Lecture 11, Friday w6, 2014-10-24
=================================

**Finished off source coding loose end:**

* Predictions can't just count how often things happened in a context.
    * Small contexts: model's predictions will be too vague.
    * Large contexts: won't have enough data to get good counts.
      No matter how much data we have, it makes sense to consider
      contexts of multiple sizes.
* Prediction by Partial Match (PPM). One simple way (frequently
  combined with arithmetic coding) to back off between contexts.


**Started noisy channel coding:**

* Communication: compress (remove redundancy), encode so robust to noise
  (add redundancy again!), send over channel, decode, decompress.
* Discrete memoryless channels:
    * Discrete: finite number of possible input and output symbols
    * Memoryless: nothing that happens to the channel affects its
      properties (unlike a neuron that can't fire any more after
      sustained activity, or a disk that flips more bits if too
      many 1's are stored in a row).
    * Can have different input and output alphabets (including
      different sizes).
    * Synchronized: we know the sequence of every received symbol.
      None are *deleted*, removed without knowing we lost a symbol,
      no extra symbols are *inserted*. The order is maintained.
* Example channels: BSC, BEC, Z.
* Channel defines $Q$ matrix of transition probabilities. We don't usually
  get to choose that. We get to set vector of input probabilities: $\mathbf{p}_x$.
* $Q$ and $\mathbf{p}_x$ specify whole joint distribution of $x$ and $y$.
  Marginal distribution of output is $\mathbf{p}_y = Q\mathbf{p}_x$.
* Joint entropy of channel $H(X,Y) < H(X) + H(Y)$. Equality would mean
  channel is of zero use!
* The mutual information $I(X;Y) = H(X) + H(Y) - H(X,Y)$ tells us how much
  information is shared between the input and output.


Check your progress
-------------------

* Why do we compress (remove redundancy) if we're just going to add
  redundancy again?
* What's the difference between a *deletion* channel (which is hard to deal
  with), and an *erasure* channel (which is fairly easy)?
* Why is $\mathbf{p}_y = Q\mathbf{p}_x$?

We're up to around the 13th slide in the 'week 6' slides.
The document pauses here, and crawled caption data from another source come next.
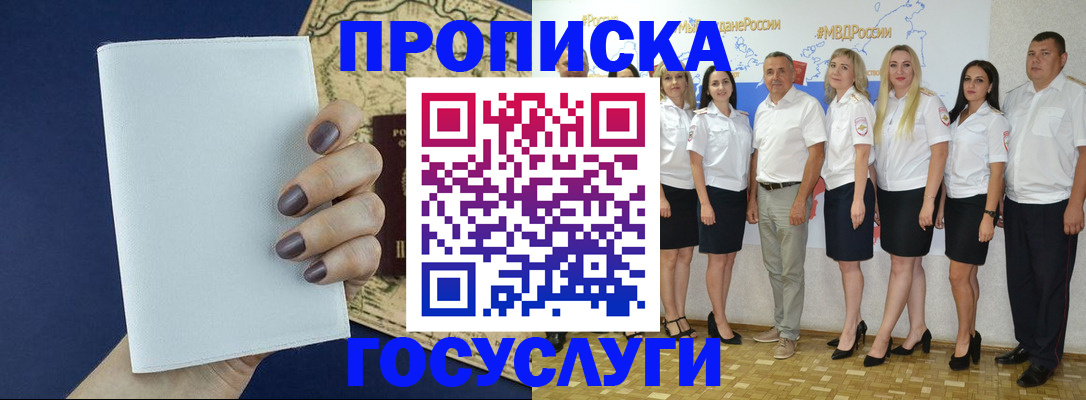 регистрация в Назарово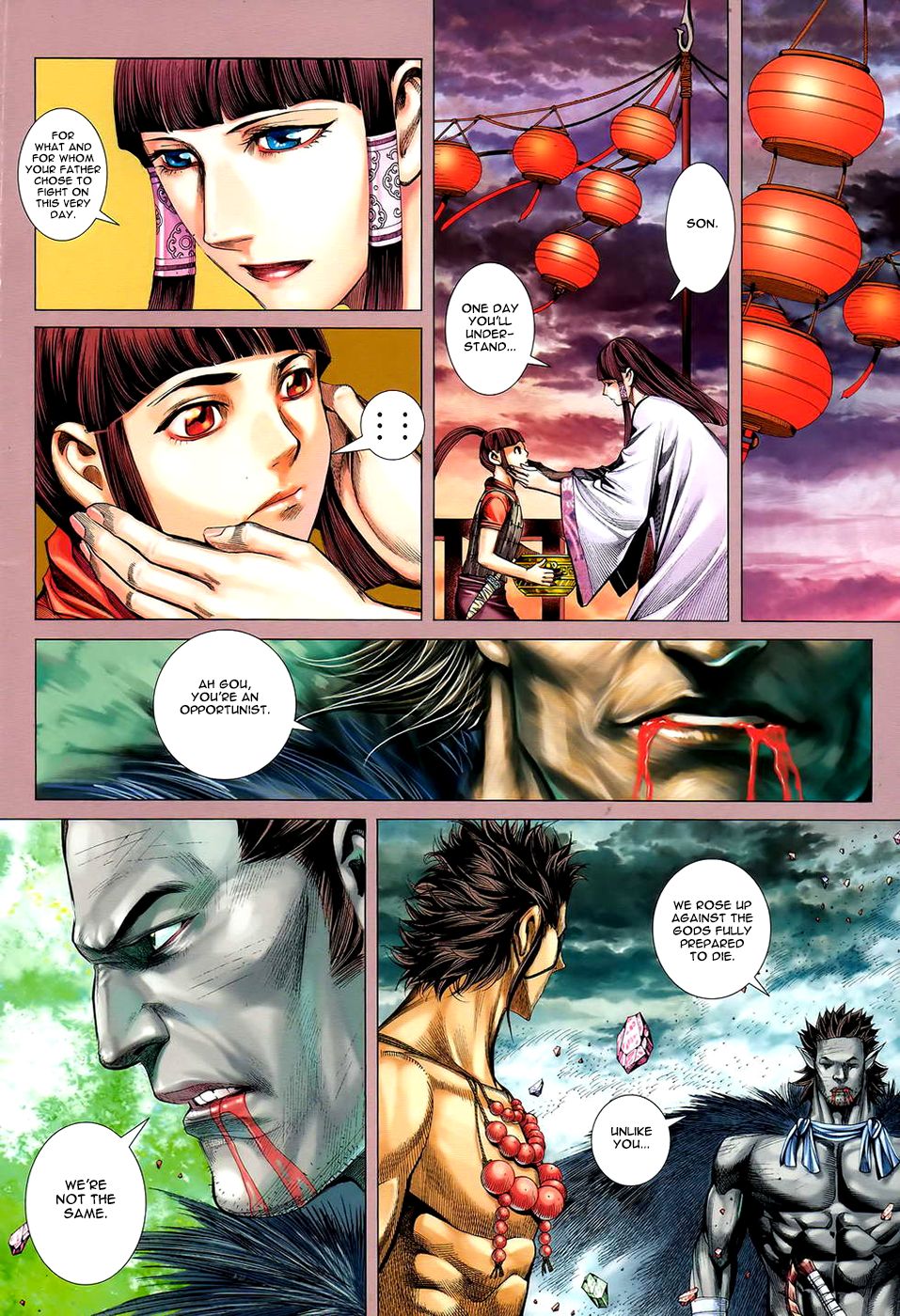 Feng Shen Ji Ii - Chapter 57: One Will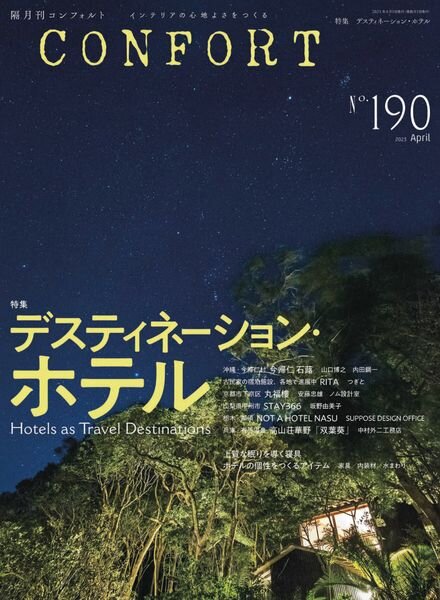 CONFORT – 2023-03-01 Cover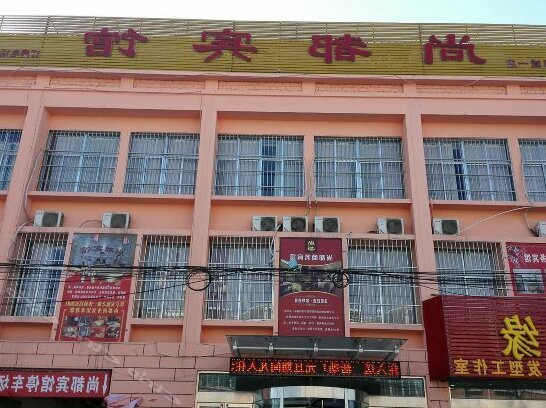Shangdu Guesthouse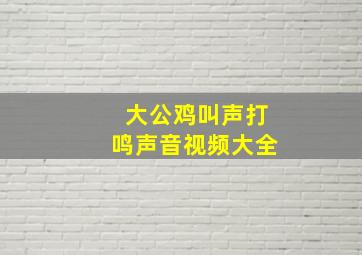 大公鸡叫声打鸣声音视频大全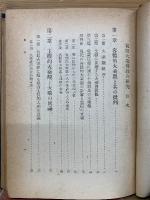 初期大乘佛教の研究　昭和2年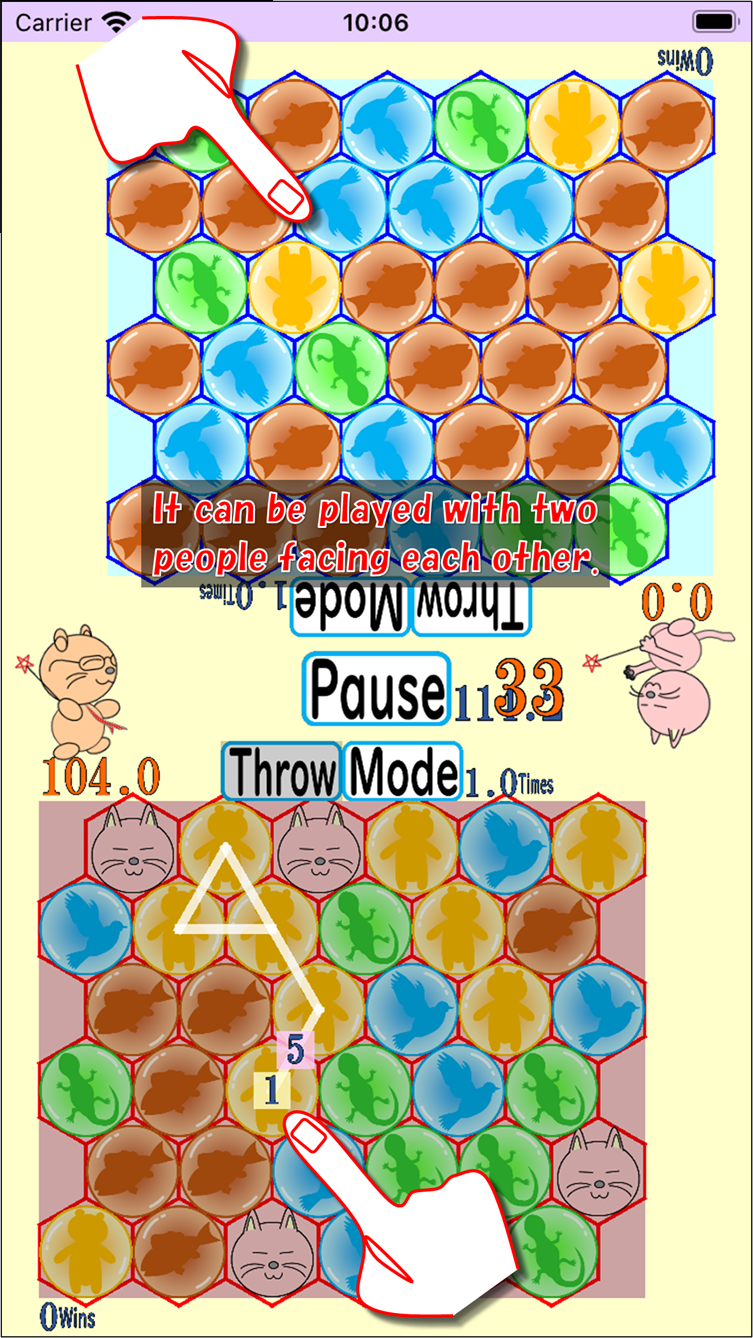 It can be played with two people facing each other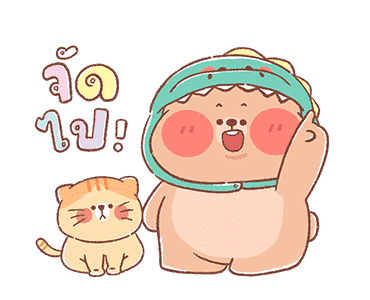ออนนี่ แบร์ : อินเลิฟ รูปที่ 3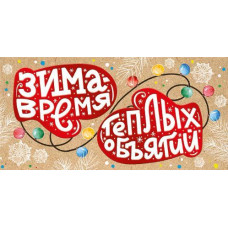 ОТКРЫТКА КОНВЕРТ "ЗИМА - ВРЕМЯ ТЕПЛЫХ ОБЪЯТИЙ"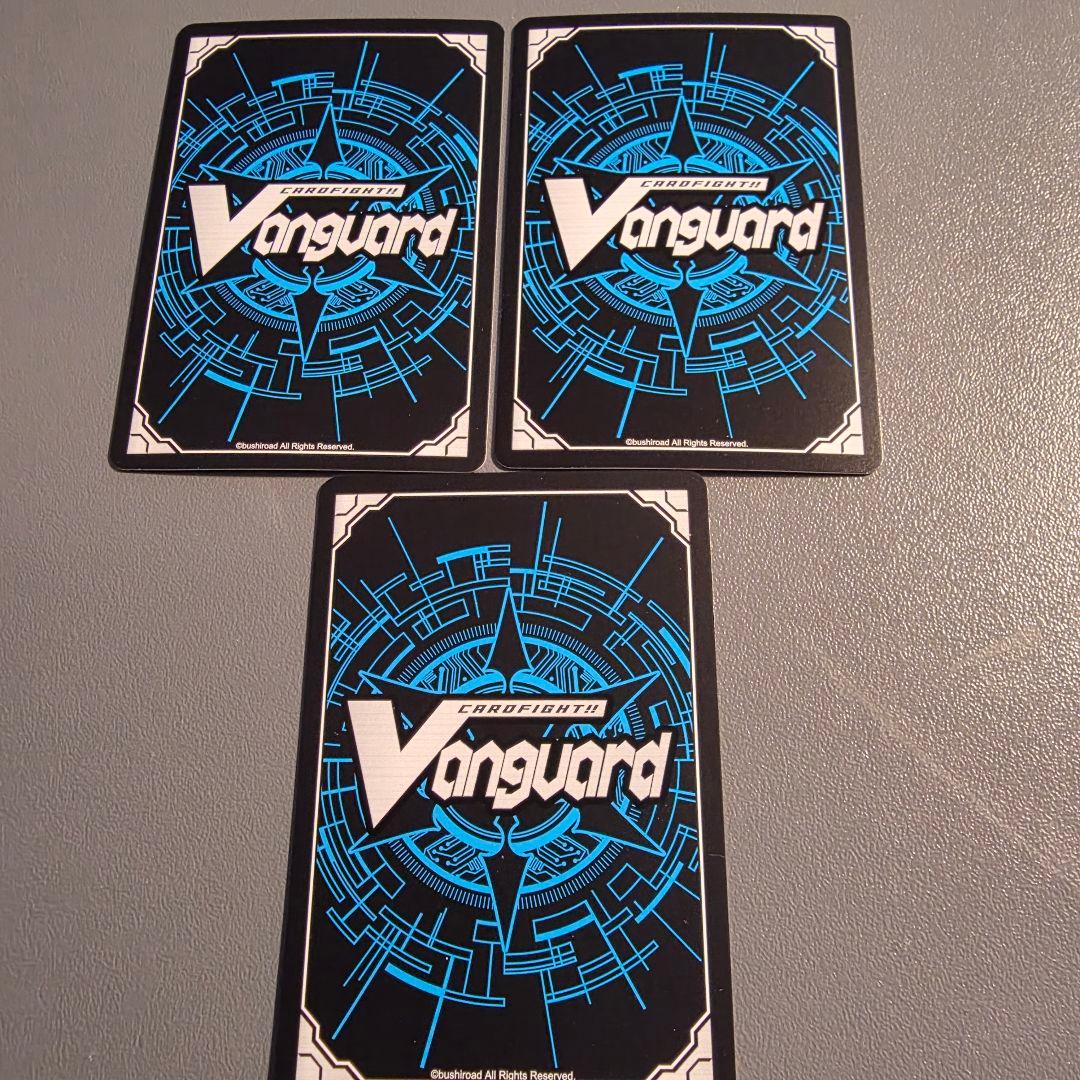 ヴァンガード 碧天白鱗アスプロニア＆サフィラ 3枚 プレイ用 - メルカリ
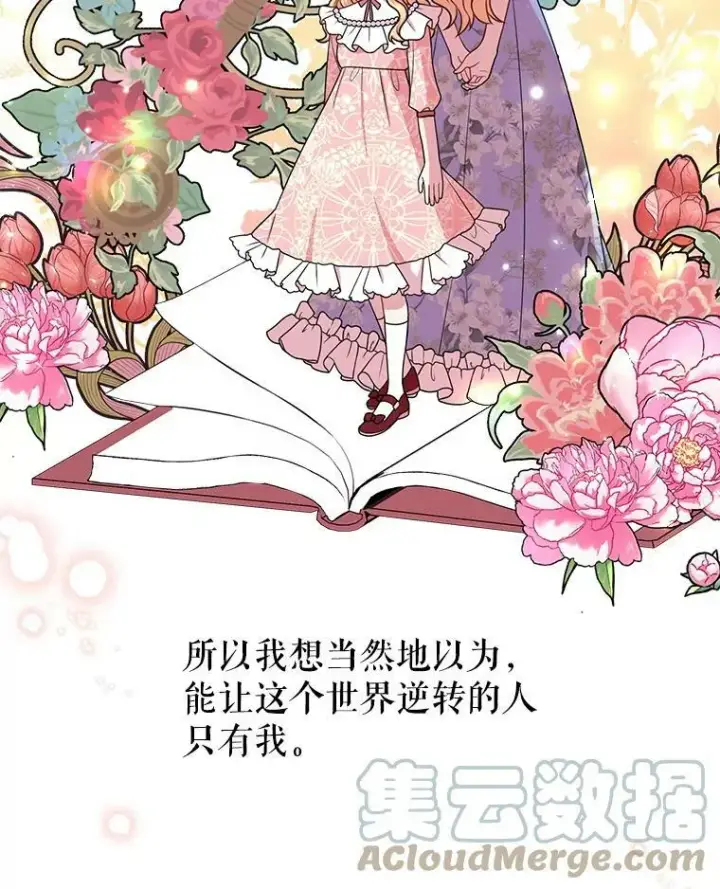 《我把竹马养黑化》26.重生的原因图61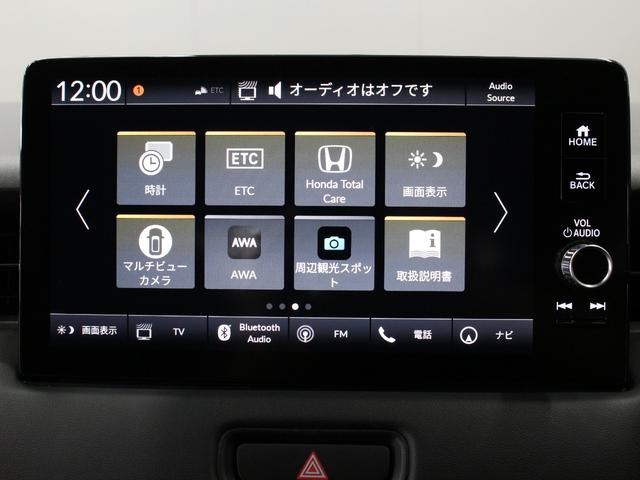 ヴェゼル e:HEVZ ワンオーナー ホンダコネクトナビ マルチビューカメラ パドルシフト ハンズフリーアクセスパワーテールゲート プレミアムオーディオ Bluetooth 地デジ ブラインドスポットインフォメーション(6枚目)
Mark anything
that's unclear or that needs expanding on NB.

This lecture covered around pp146--148 of the textbook.


Extra reading
-------------

If you'd like to know how compressors like gzip work (non-examinable) read
MacKay p119, but also do Exercise 6.13 and then read its answer.

If you want to read ahead, look at Chapter 8 and the rest of Chapter 9.